Search code examples
pythonweb-scrapingrecaptcha

GoogleCaptcha roadblock in website scraper


I am currently working on a scraper for aniworld.to. My goal is it to enter the anime name and get all of the Episodes downloaded. I have everything working except one thing... The websites has a Watch button. That Button redirects you to https://aniworld.to/redirect/SOMETHING and that Site has a captcha which means the link is not in the html... Is there a way to bypass this/get the link in python? Or a way to display the captcha so I can solve it? Because the captcha only appears every lightyear. The only thing I need from that page is the redirect link. It looks like this: https://vidoza.net/embed-something.html My very very wip code is here if it helps: https://github.com/wolfswolke/aniworld_scraper


Solution

  • Mitchdu showed me how to do it.

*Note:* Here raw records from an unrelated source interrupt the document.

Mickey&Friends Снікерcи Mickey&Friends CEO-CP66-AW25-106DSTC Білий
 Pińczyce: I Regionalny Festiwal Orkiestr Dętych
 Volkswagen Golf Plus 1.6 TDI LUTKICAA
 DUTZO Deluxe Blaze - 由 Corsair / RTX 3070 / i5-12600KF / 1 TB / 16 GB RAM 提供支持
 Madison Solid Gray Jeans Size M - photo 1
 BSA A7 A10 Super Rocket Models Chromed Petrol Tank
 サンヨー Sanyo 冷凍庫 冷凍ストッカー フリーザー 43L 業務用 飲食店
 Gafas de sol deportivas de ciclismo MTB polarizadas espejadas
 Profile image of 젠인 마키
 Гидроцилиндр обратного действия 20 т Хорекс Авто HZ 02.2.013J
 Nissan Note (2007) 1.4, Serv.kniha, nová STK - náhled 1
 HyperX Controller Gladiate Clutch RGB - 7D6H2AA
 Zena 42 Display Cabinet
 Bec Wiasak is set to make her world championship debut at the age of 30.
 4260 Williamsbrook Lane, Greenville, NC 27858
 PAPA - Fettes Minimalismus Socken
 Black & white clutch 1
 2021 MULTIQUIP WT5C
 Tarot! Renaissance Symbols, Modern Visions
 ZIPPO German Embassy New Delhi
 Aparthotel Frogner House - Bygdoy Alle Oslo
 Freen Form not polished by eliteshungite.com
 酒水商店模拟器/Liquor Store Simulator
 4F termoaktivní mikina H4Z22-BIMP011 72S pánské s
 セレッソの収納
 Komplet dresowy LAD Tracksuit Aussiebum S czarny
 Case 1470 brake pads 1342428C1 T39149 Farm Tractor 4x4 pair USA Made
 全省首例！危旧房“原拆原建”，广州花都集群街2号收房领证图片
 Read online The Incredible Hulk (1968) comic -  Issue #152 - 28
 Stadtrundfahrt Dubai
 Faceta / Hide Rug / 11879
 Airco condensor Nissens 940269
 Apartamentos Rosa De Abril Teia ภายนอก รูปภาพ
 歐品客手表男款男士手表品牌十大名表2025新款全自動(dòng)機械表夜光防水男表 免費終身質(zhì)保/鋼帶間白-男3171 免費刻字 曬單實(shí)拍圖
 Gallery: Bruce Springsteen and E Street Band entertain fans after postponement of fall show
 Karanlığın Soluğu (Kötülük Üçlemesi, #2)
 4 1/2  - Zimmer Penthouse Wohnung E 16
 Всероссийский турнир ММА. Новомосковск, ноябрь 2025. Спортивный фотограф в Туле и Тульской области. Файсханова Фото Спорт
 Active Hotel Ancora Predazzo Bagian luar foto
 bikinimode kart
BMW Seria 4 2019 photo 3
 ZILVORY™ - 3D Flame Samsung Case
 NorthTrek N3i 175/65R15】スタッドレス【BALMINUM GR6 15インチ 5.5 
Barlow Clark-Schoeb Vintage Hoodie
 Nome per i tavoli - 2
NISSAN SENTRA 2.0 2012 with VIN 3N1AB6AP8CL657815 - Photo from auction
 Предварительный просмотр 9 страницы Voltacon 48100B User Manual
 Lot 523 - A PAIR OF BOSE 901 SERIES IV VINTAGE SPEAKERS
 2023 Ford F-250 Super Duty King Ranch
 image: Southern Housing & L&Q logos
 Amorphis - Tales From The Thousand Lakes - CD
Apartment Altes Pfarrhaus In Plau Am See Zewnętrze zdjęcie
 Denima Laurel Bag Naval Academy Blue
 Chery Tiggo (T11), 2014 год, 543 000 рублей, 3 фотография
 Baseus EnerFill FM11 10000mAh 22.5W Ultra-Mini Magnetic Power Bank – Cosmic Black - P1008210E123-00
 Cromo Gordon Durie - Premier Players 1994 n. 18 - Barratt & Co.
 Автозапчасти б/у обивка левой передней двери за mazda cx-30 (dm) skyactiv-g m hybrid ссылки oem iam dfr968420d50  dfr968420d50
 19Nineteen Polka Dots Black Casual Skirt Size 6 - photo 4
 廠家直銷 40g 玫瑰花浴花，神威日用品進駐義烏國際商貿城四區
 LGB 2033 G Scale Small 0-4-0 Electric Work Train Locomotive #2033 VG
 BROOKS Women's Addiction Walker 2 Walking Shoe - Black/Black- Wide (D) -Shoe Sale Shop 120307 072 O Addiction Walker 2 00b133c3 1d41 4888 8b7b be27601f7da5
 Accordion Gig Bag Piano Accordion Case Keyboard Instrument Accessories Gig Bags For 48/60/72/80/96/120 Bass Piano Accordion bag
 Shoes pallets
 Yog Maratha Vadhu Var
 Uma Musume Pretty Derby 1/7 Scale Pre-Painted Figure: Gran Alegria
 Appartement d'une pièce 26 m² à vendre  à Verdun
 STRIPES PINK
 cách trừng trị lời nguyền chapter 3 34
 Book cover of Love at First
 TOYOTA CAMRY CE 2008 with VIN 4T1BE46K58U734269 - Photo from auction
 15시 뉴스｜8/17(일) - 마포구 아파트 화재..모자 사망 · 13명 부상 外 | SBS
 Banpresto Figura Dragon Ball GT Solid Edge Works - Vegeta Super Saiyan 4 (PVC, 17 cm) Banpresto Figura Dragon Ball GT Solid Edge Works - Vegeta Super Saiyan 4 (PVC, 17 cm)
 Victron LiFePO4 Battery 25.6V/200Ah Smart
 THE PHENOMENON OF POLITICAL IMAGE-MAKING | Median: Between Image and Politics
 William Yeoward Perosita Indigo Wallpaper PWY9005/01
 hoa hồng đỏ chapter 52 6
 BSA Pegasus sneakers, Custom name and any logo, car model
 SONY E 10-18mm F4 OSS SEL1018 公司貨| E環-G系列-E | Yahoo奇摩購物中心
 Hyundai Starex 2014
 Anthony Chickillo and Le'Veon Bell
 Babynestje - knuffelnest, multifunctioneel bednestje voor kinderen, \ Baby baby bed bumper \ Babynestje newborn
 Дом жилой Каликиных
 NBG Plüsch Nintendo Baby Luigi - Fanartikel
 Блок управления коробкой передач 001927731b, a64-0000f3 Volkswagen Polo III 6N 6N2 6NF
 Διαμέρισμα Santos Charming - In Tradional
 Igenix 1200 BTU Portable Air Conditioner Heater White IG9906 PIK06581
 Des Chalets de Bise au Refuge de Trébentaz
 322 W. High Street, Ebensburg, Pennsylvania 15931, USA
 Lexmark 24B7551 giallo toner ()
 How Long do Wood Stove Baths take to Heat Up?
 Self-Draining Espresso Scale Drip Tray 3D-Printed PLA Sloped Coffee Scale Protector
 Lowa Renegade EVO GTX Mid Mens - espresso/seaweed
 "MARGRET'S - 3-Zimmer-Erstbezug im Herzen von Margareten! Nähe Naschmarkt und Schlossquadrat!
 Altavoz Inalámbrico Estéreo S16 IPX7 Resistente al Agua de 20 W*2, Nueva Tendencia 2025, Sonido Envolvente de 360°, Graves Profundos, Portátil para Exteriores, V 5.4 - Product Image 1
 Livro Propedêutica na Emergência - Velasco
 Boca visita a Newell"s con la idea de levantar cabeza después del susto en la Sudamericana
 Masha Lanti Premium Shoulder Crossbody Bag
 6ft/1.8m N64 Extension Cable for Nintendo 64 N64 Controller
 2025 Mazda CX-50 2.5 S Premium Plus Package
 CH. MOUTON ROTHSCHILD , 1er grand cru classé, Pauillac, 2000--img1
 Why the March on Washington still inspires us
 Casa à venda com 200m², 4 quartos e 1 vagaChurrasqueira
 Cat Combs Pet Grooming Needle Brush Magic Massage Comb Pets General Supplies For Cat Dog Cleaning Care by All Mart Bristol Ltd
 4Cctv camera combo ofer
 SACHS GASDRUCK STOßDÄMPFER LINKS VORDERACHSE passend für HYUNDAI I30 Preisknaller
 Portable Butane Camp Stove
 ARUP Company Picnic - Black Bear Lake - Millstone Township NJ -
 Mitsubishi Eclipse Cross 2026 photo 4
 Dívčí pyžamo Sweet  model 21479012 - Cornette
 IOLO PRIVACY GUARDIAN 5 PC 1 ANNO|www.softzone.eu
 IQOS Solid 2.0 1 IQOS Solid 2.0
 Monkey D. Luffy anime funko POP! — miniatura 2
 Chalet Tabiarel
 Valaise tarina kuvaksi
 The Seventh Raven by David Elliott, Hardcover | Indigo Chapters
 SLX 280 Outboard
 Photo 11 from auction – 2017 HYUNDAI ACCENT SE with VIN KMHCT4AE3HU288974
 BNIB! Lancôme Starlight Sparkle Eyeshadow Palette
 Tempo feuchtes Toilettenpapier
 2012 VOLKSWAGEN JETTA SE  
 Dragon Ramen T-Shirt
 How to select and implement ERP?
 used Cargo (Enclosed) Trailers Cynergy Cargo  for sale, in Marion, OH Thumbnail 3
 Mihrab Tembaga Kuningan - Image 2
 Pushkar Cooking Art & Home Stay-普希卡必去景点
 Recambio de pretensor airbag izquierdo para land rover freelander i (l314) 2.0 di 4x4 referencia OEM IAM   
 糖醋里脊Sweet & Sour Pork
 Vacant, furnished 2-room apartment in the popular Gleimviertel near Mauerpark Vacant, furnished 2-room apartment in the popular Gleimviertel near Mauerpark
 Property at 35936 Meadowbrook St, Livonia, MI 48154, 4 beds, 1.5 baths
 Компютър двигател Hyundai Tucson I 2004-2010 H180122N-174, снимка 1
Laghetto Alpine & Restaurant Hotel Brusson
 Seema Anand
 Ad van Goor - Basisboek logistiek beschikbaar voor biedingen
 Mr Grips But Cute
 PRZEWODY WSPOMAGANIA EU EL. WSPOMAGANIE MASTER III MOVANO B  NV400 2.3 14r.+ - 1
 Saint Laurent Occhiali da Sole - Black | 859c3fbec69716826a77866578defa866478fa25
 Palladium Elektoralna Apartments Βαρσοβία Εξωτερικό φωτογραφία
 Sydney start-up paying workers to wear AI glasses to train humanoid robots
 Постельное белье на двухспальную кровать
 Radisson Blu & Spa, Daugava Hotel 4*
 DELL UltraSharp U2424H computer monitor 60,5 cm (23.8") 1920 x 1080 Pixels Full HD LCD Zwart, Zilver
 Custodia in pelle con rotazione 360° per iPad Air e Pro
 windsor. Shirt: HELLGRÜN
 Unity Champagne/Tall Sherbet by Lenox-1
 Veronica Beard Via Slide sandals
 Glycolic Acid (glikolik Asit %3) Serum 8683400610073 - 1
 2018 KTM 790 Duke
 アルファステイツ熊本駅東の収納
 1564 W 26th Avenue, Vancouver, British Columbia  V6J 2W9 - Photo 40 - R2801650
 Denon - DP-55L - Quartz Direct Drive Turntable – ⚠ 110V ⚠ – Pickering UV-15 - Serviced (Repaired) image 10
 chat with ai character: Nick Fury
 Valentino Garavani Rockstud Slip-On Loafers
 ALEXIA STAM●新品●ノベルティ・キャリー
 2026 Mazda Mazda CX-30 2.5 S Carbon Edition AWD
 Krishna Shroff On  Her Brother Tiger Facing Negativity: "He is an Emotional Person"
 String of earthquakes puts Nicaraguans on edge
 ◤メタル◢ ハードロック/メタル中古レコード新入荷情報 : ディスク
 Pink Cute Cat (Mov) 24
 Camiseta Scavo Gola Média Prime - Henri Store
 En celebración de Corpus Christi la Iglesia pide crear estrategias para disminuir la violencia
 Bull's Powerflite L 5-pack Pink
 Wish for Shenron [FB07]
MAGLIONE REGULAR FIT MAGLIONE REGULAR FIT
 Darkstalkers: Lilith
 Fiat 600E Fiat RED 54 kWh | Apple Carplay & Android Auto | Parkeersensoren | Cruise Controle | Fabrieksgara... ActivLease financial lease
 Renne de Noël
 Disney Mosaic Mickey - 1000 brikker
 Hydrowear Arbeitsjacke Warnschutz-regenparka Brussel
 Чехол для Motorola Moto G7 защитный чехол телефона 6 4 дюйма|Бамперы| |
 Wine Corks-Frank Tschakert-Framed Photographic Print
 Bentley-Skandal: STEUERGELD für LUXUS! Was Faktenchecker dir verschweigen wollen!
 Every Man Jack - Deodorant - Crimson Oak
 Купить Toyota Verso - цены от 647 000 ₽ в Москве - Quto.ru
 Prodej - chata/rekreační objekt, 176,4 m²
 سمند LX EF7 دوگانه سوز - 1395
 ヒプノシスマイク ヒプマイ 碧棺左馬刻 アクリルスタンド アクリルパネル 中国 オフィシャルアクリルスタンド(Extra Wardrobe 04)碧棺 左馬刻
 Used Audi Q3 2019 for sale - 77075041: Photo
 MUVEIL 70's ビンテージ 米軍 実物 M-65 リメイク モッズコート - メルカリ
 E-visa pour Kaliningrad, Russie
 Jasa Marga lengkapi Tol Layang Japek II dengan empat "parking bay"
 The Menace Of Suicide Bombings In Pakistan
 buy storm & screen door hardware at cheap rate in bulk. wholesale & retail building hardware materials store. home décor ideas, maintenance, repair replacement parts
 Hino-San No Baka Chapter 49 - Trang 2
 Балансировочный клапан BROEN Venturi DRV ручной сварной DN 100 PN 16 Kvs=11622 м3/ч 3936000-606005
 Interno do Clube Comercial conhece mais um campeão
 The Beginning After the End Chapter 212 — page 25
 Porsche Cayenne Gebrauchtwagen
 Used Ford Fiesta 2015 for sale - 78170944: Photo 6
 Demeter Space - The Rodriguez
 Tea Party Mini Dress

If anyone else needs help here is my code: https://github.com/wolfswolke/aniworld_scraper/blob/main/src/logic/captcha.py

    from selenium import webdriver
    from selenium.webdriver.chrome.service import Service
    from webdriver_manager.chrome import ChromeDriverManager
    from selenium.webdriver.support.ui import WebDriverWait
    from threading import Thread
    
    import os
    def open_captcha_window(full_url):
        working_dir = os.getcwd()
        path_to_ublock = r'{}\extensions\ublock'.format(working_dir)
        options = webdriver.ChromeOptions()
        options.add_argument("app=" + full_url)
        options.add_argument("window-size=423,705")
        options.add_experimental_option('excludeSwitches', ['enable-logging'])
        if os.path.exists(path_to_ublock):
            options.add_argument('load-extension=' + path_to_ublock)
    
        driver = webdriver.Chrome(service=Service(ChromeDriverManager().install()), options=options)
        driver.get(full_url)
    
        wait = WebDriverWait(driver, 100, 0.3)
        wait.until(lambda redirect: redirect.current_url != full_url)
    
        new_page = driver.current_url
        Thread(target=threaded_driver_close, args=(driver,)).start()
        return new_page
    
    
    def threaded_driver_close(driver):
        driver.close()